Het antwoord zou kunnen zijn dat Jezus bij zijn leven een nog veel grotere indruk op zijn discipelen had gemaakt dan Johannes op de zijne.

Vergelijking
Beide opties zijn elkaars spiegelbeeld:
Optie 1

  • We kunnen afgaan op de eerste indruk die het NT geeft. Die zijn historisch betrouwbaar.
  • We moeten de vertelde onmogelijk geachte gebeurtenissen voor echt gebeurd houden: een opstanding uit de doden, verschijningen van een verrezen Christus.
  • gevaar: God geloven kan onbedoeld overgaan in geloven in het echt gebeurd zijn van het lege graf en de verschijningen.

Optie 2

  • De gang van zaken zoals het Nieuwe Testament die voorstelt, moet met de nodige reserves worden bekeken: de teksten bieden geen historisch verslag, maar zijn verkondiging.
  • De vertelde onmogelijk geachte gebeurtenissen hoeven we niet voor echt gebeurd te houden. Het christelijk geloof ontspringt aan de indruk die Jezus bij zijn leven maakte en aan de overtuiging dat God een rechtvaardige niet in de dood laat.
  • gevaar: God geloven kan onbedoeld losraken van de historische gebeurtenissen (woorden, daden en lotgevallen van Jezus) die daar aanleiding toe gaven.


Conclusies
Beslissend is:

  • hoe men de historische betrouwbaarheid van de ntische geschriften beoordeelt: groot (optie 1) of klein (optie 2)
    Maar: zou een andere opvatting van de bijbelse verhalen - taalspel (Wittgenstein) - niet vruchtbaarder zijn?
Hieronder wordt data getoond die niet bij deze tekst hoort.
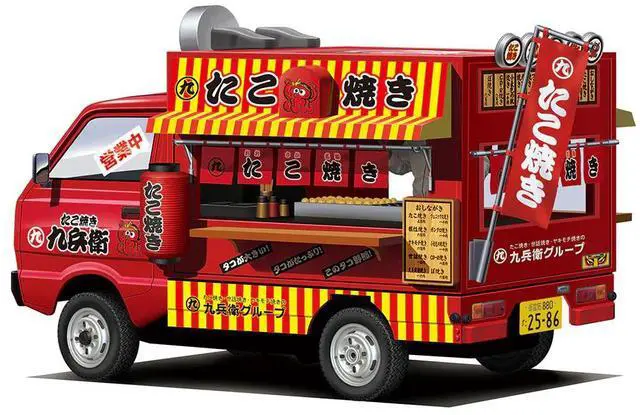 Alt view image 3 of 6 - Aoshima: 1/24 Catering Machine Series - Takoyaki Hachirou Scale Model Kit #5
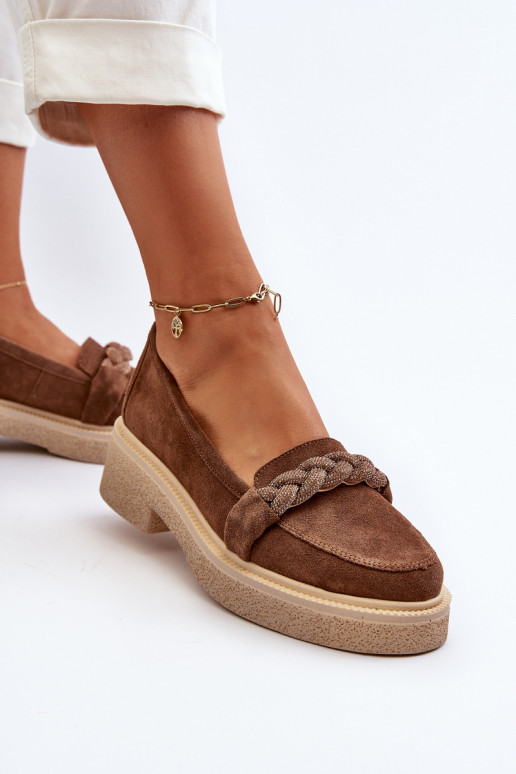 Zazoo 3429/IN Eleganti zamšādas lauferi ar ornamentiem brūnas krāsas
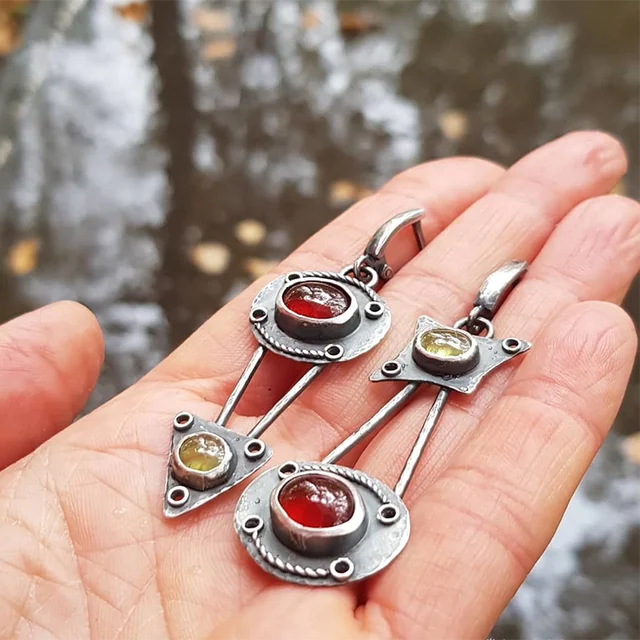 Mechanical Earrings Made of Fire Crystal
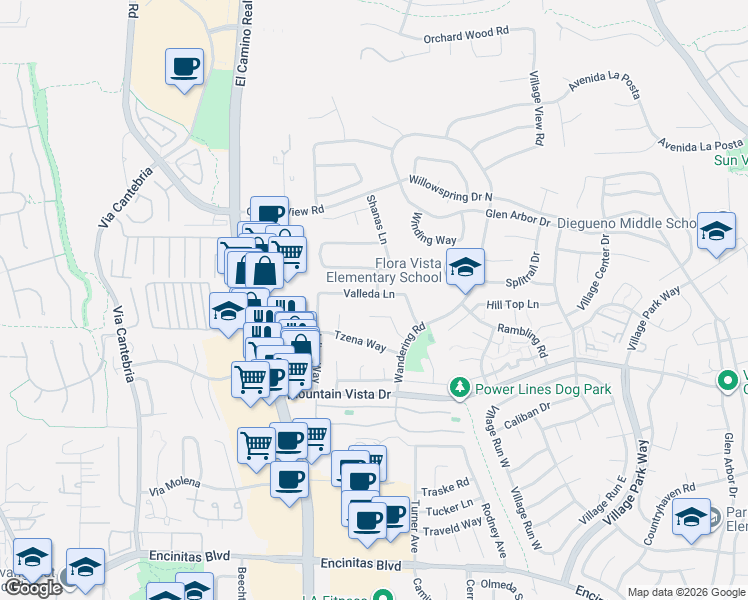 map of restaurants, bars, coffee shops, grocery stores, and more near 1519 Valleda Lane in Encinitas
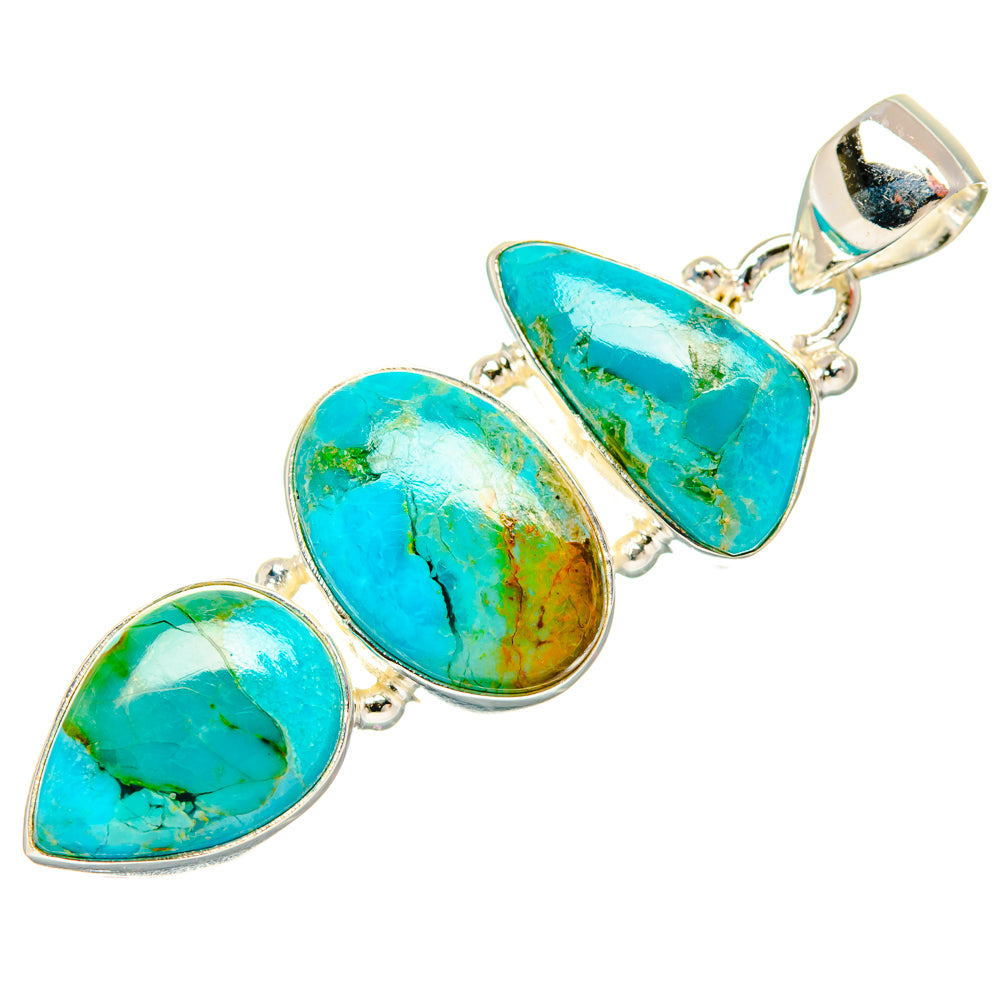 Peruvian Chrysocolla Pendants handcrafted by Anasilvercos - PD29011 - Photo 2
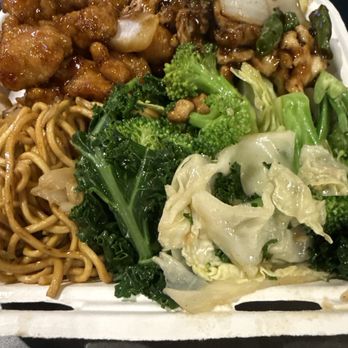 Panda Express - Orange chicken, green bean chicken, noodles and greens - Chinese Near Me - Airway Heights, Washington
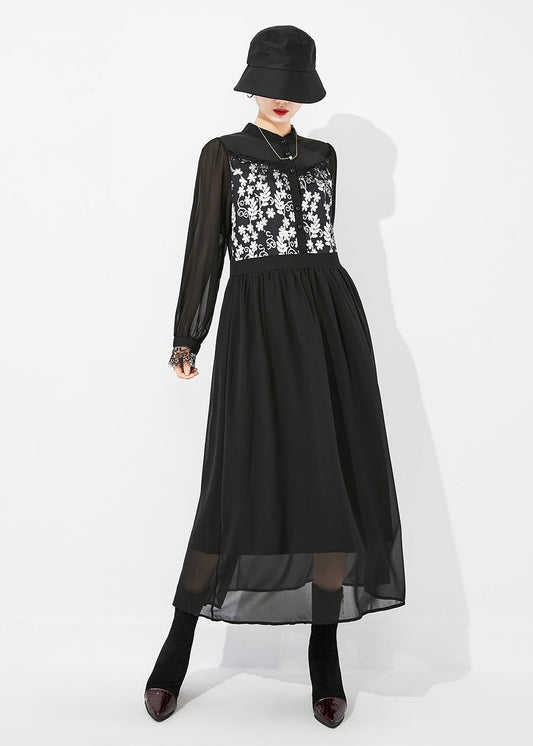 Italian Black Stand Collar Patchwork Exra Large Hem Chiffon Vacation Dresses Spring LY0885 - fabuloryshop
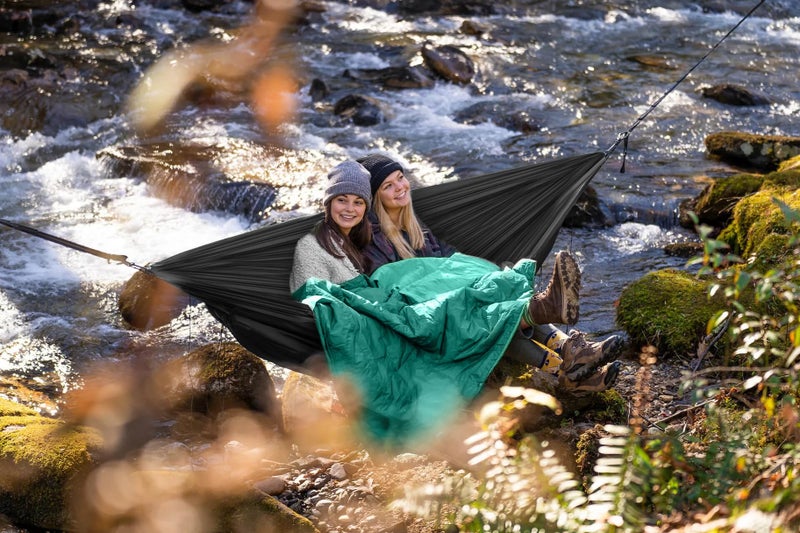 covacure Camping Blanket - Waterproof Outdoor Blanket, Packable & Lightweight, Warm Puffy Quilt for Camping, Hiking, Backpacking, Travel, Beach Essentials (Down Green) - Image 5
Het taalspel van de evangeliën is niet een min (optie 2) of meer (optie 1) historisch verslag, maar een getuigenis of verkondiging. Dat is de context waarbinnen de woorden functioneren. Binnen dat verband hebben ze hun betekenis. De lezer moet zich niet onderzoekend tegenover het verhaal opstellen, maar in het verhaal stappen om de betekenis ervan te ondergaan. In de prediking doet men er om dezelfde reden goed aan de luisteraars mee te nemen in het verhaal. Dus niet het verhaal behandelen als een verzameling teksten die abstracte geloofswaarheden bewijzen.
  • hoe men het huidige wetenschappelijke wereldbeeld beoordeelt: is daar ruimte voor een wonderbaarlijk ingrijpen van God in de natuur (optie 1) of is zijn invloed een geestelijke op gemoed en waarneming van mensen? (optie 2)
    Maar: is ingrijpen in de natuur fundamenteel anders dan een geestelijke invloed op mensen uitoefenen? Als je het eerste voor onmogelijk houdt, dan is het tweede toch ook niet mogelijk?

In de praktijk
Zoals gezegd, het ging om een historische vraag die slechts indirect met het geloof te maken heeft. Het is zelfs zo dat beide opvattingen in hun uitwerking voor geloof en handelen niet veel hoeven te verschillen. Wat dat betreft zou er binnen de kerken wel wat meer verdraagzaamheid mogen bestaan tussen de aanhangers van de ene of de andere verklaring. Want

  • qua geloof kunnen beide uitkomen bij: Jezus leeft, hij heeft de overwinning behaald. De machten van zonde en dood zijn verslagen, het einde der tijden is begonnen: het koninkrijk van God zal komen. We mogen onszelf zien als kinderen van een vader in de hemelen. We ondergaan de invloed van Gods Geest.
  • wat handelen betreft kan het bij beide leiden tot: een afwending van het kwaad, een toewending naar het goede, God liefhebben, naar je naaste omzien, zorgvuldig met de schepping omgaan, een spiritueel leven.